* AVAILABLE DATA:
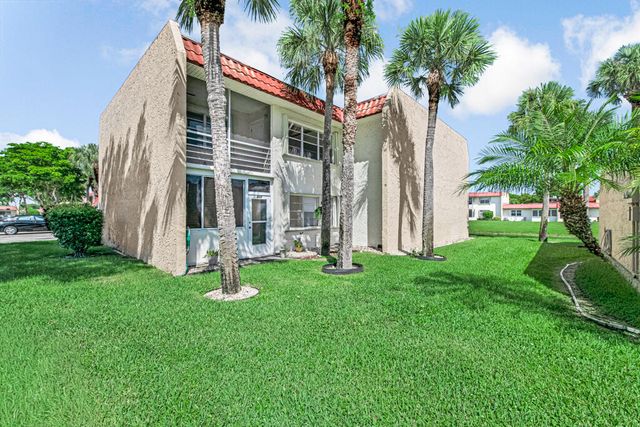 445 LAKE FRANCES Drive 445, West Palm Beach, FL 33411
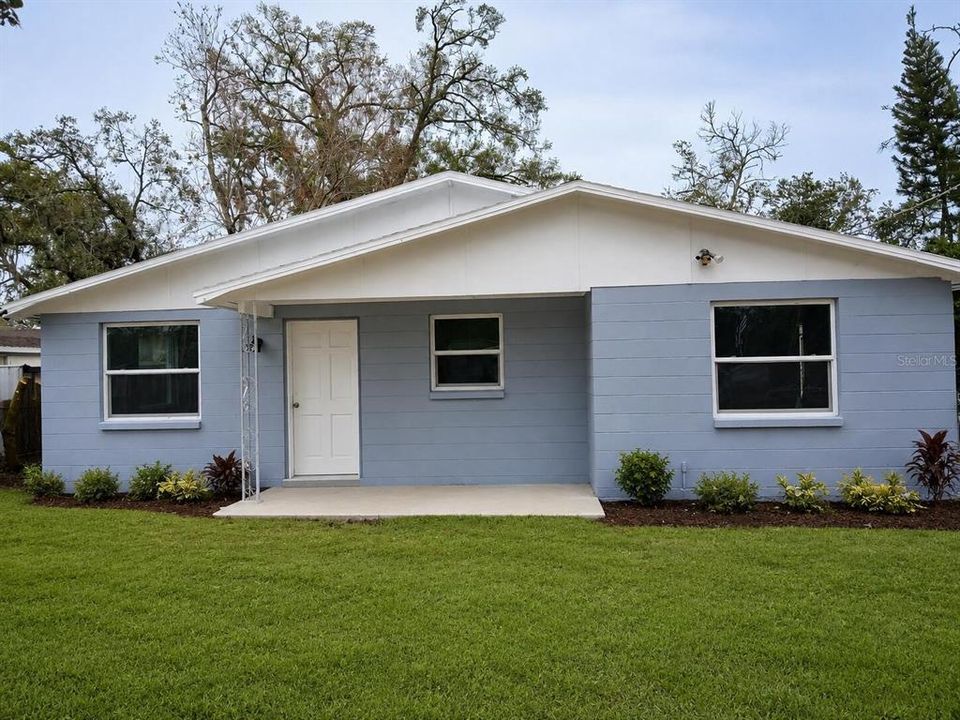 For Sale: $410,000 (3 beds, 2 baths, 1095 Square Feet)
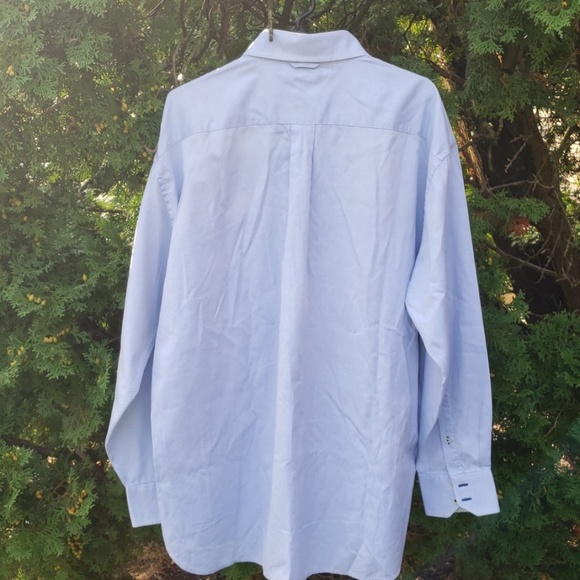 Tommy Hilfiger Casual Button Up - Picture 6 of 6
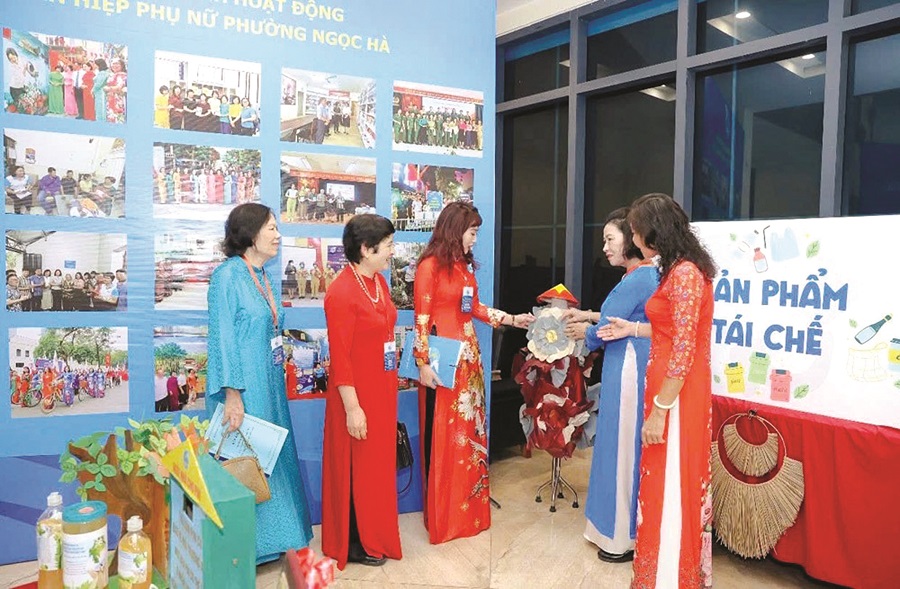 Phụ nữ Thủ đô tích cực thi đua làm nhiều việc tốt - 1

* THE PROBLEM:
Transcribe the material as is, with images omitted.

* RESPONSE TO THE EXERCISE:
 445 LAKE FRANCES Drive 445, West Palm Beach, FL 33411
 For Sale: $410,000 (3 beds, 2 baths, 1095 Square Feet)
 Tommy Hilfiger Casual Button Up - Picture 6 of 6
 Phụ nữ Thủ đô tích cực thi đua làm nhiều việc tốt - 1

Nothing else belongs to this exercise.